Teachers at the daycare next door (yeah, there was a daycare next door this whole time) complained of children on the playground throwing toys over the fence because “the little kids on the other side ask them to.”

Kids are creepy.

Other reports have cited ghostly phone rings (despite there being no phone line attached to the house), faucets turning on by themselves, curtains opening, and even a sighting of the house glowing.

If the hallucinations and urges to kill your family weren’t enough to dissuade anyone from living in the house, the worst selling point for moving in might have been the goddamn Samurai warrior that rides his horse through the living room every once in a while, for reasons unknown.

“I’M HERE TO CATCH THE FINALE OF THE BACHELOR”

That’s not the only sighting of a Samurai warrior. A similar Samurai warrior is said to ride the road to Camp Foster up Stillwell Drive, reportedly headed to base housing.

 

Spectral gate guards

There’s nothing creepy about Security Forces. Not inherently, anyway. Those guys look sharp. But when you’re pulling up to a gate at 3am and encounter a World War II-era Marine covered in blood and asking for a match, things take a turn for the creepier.

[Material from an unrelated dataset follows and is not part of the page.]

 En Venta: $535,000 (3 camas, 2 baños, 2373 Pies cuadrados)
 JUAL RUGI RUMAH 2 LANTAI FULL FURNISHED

That’s what happened at Camp Hansen’s old Gate 3 — more than once. In a weird way, it’s a good thing the ghostly Marine was hanging out at the gate, defending living American troops because ghosts of World War II Japanese soldiers were reportedly at the same gate all the time.

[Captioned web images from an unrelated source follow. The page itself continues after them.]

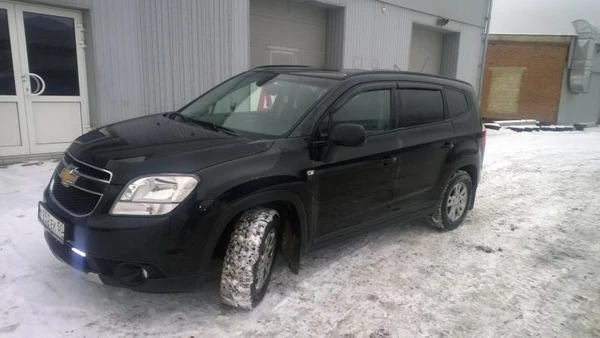 Фото Автомобиль на свадбу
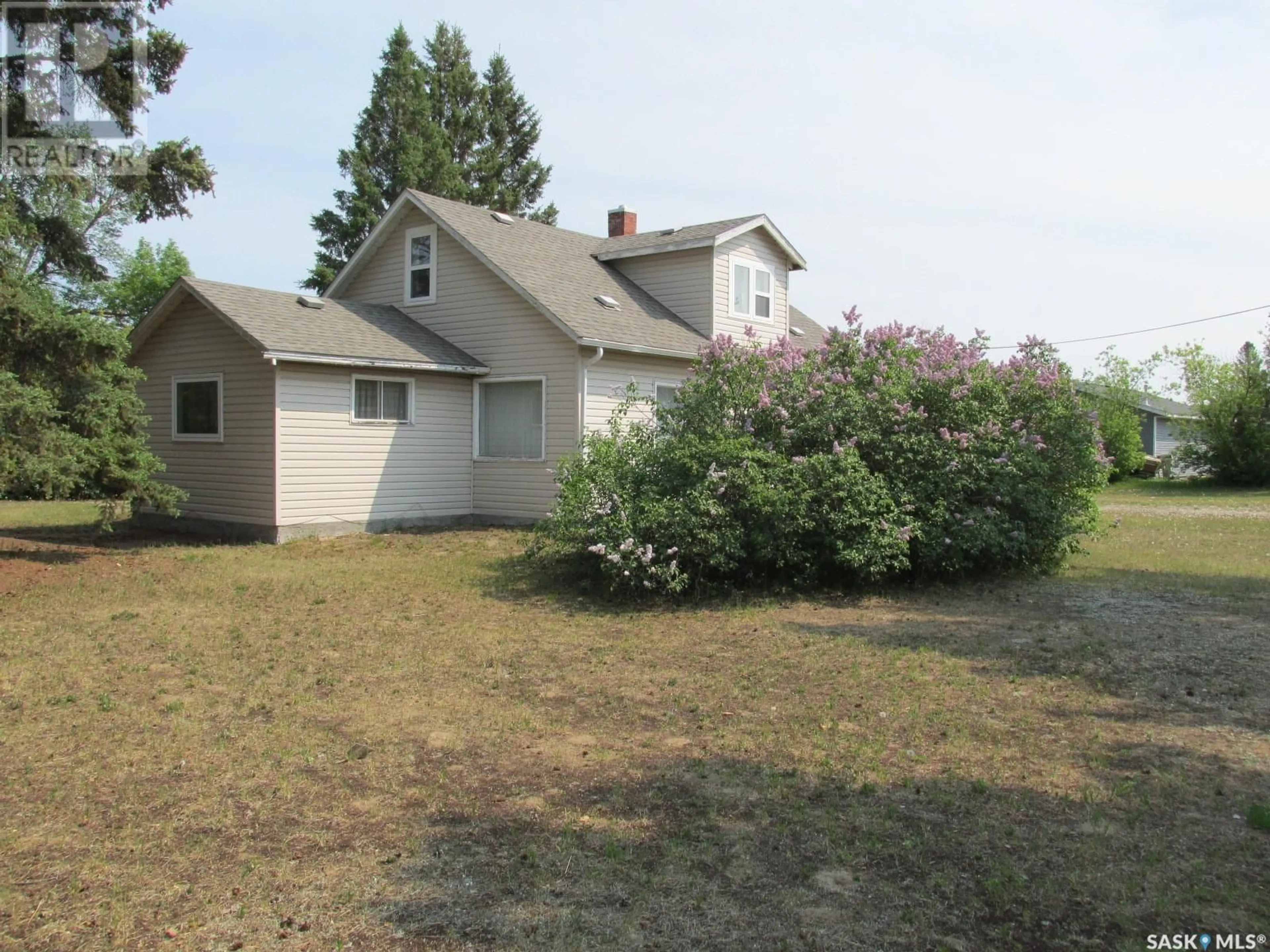 Unknown for 115 LUCILLE CRESCENT, Nipawin Saskatchewan S0E1E0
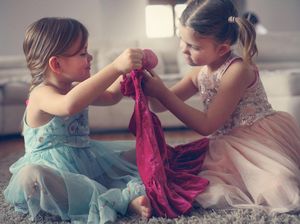 Kata Psikolog Ketika Anak Pamer Baju Lebaran ke Teman-temannya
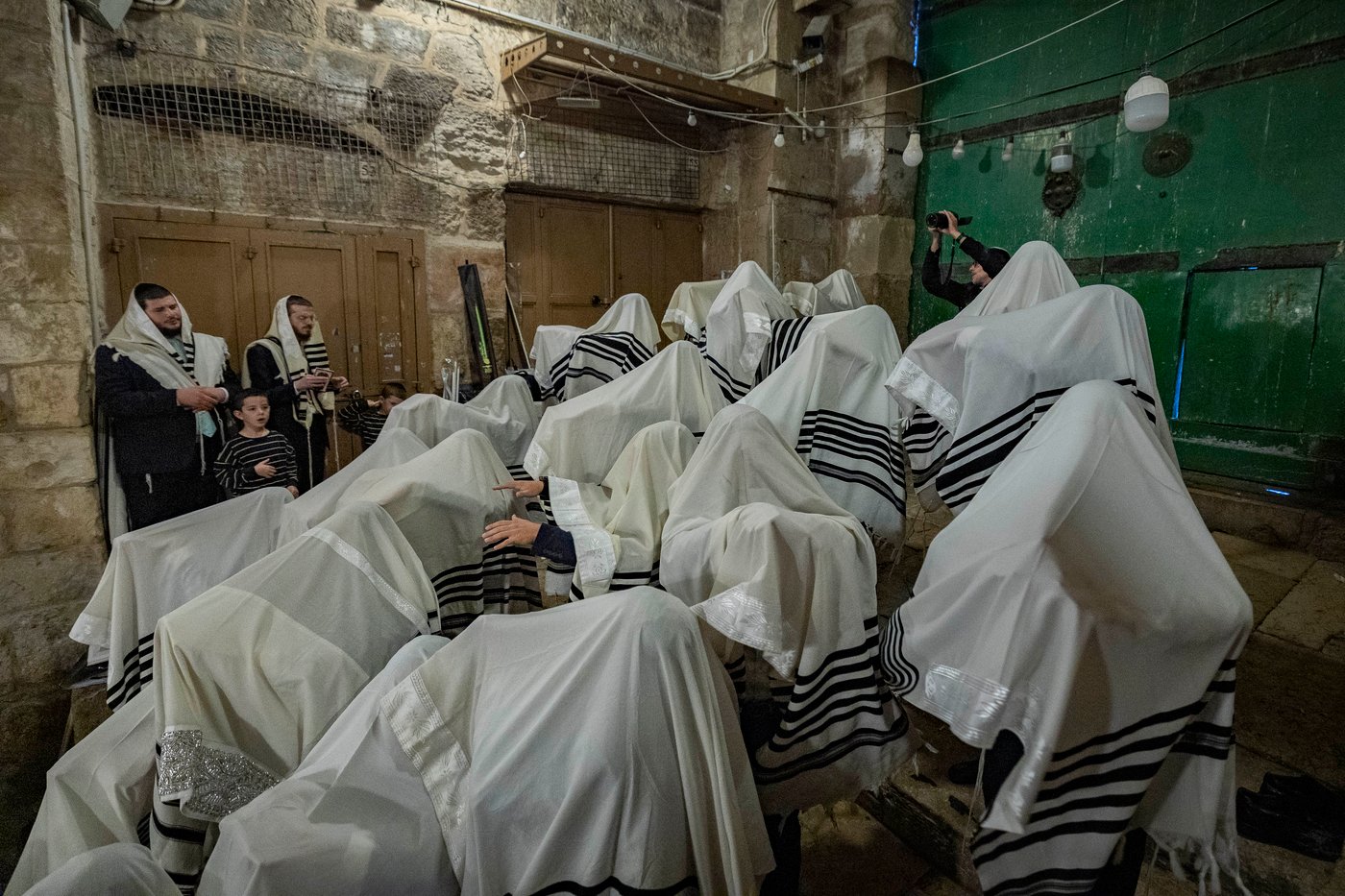 תפילת חול המועד סוכות בעיר העתיקה בירושלים | צילום: חיים גולדברג, פלאש 90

Eternally defending Flavor Country from the Japanese.

The haunting happened so often (some say every weekend) that Marine guards began to refuse to stand guard at Gate 3 and the entry control point was eventually closed. Closing the gate seemed a little unnecessary since the soldier would disappear once his cigarette was lit.

 

Kadena’s Banyan Tree Golf Course cave

Even if I didn’t know this place was haunted, I would assume it was.

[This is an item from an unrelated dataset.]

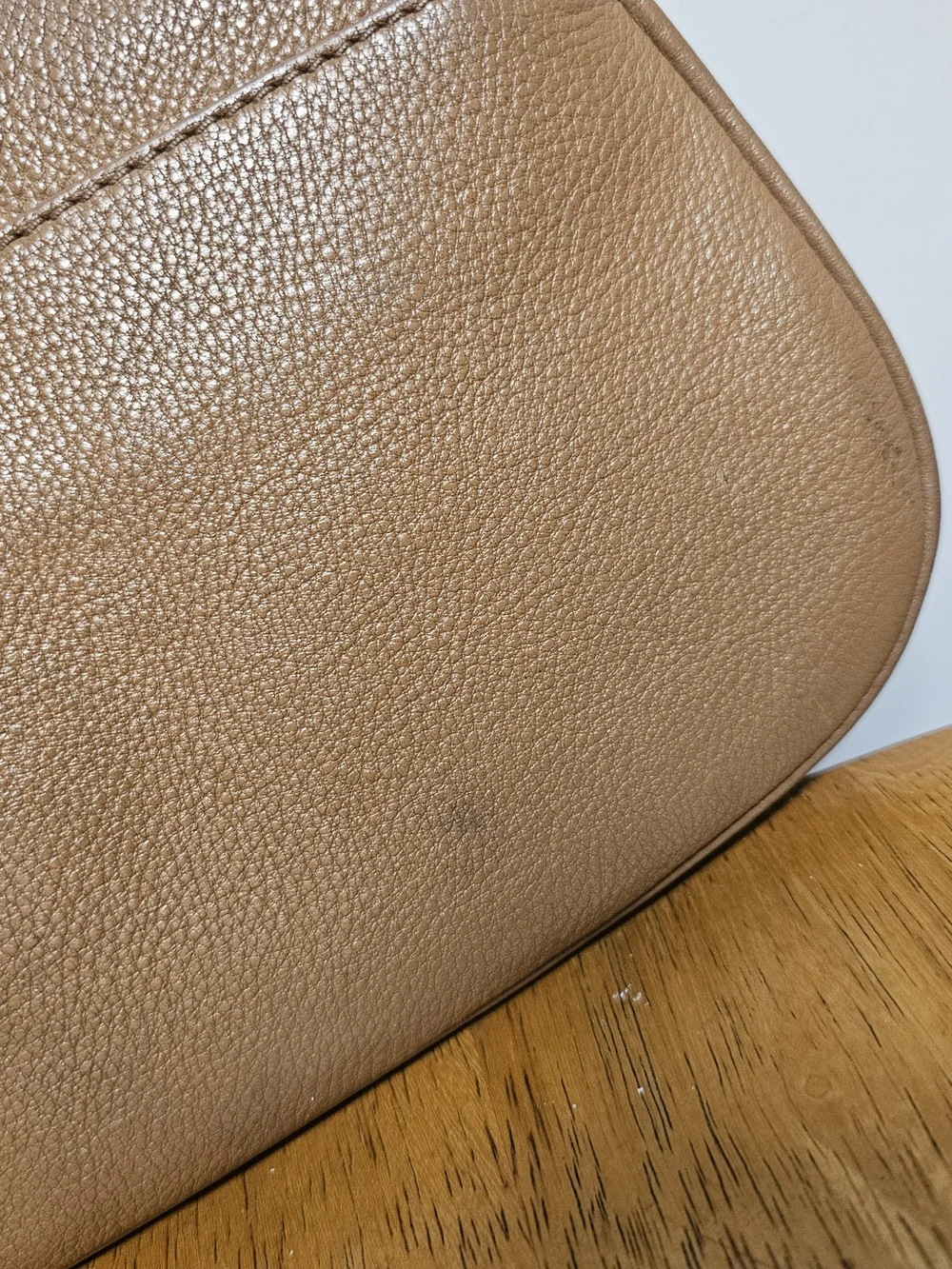 Tory Burch Tan Leather Crossbody Bag Chain Strap Minimalist Neutral Camel‎ Brown
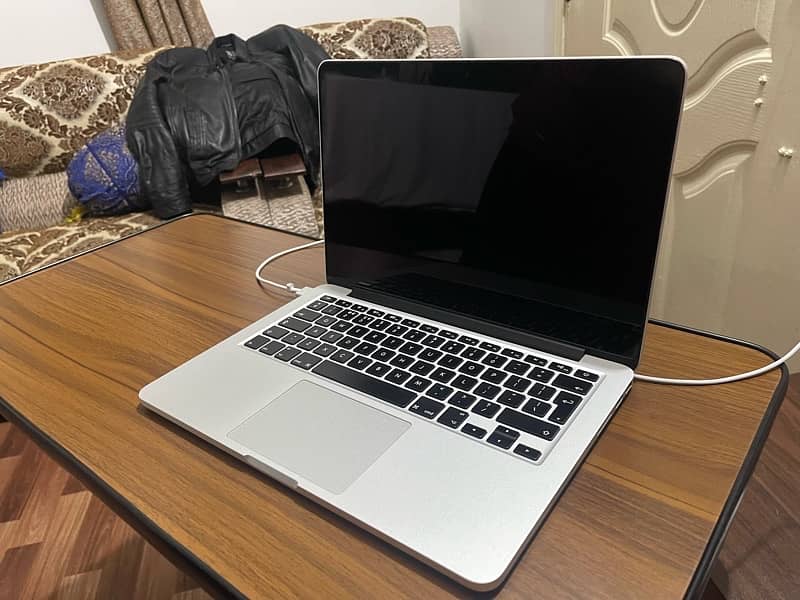 Apple Macbook Pro, Retina, 13-inch, 2015 0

During World War II, the Japanese maintained a field hospital on the site where Kadena’s golf course was built. After U.S. troops took the airfields on Okinawa in 1945, Japanese nurses, terrified of Americans due to Japanese propaganda, committed suicide in a nearby cave.

These days, Okinawans won’t go near the cave because the women are said to still haunt the cave and the nearby land – but it’s part of Kadena’s annual Halloween ghost tour.

 

Maeda Point’s prophet of doom.

“Listen, bro, I’m telling you…”

If you’re around Maeda Point on Okinawa and you see an elderly man walking around a tomb near the water, just go ahead and row to shore, go right to Personnel, retire, and fly home. It’s not worth sticking around, because rumor has it that old man is a ghost and every time someone sees him, there’s a body washing ashore on a beach nearby in a just a few days.

The point is apparently the site of many, many suicide jumpers who ended their lives by throwing themselves off the cliff. Not only that, this was also the site of another field hospital used by the Imperial Japanese Army in World War II. If an old man foretelling doom wasn’t enough, scuba divers even report seeing ghosts underwater. Some of these end up jumping off the haunted cliff for the rest of eternity, as ghost jumper reports are as ubiquitous as Taco Rice.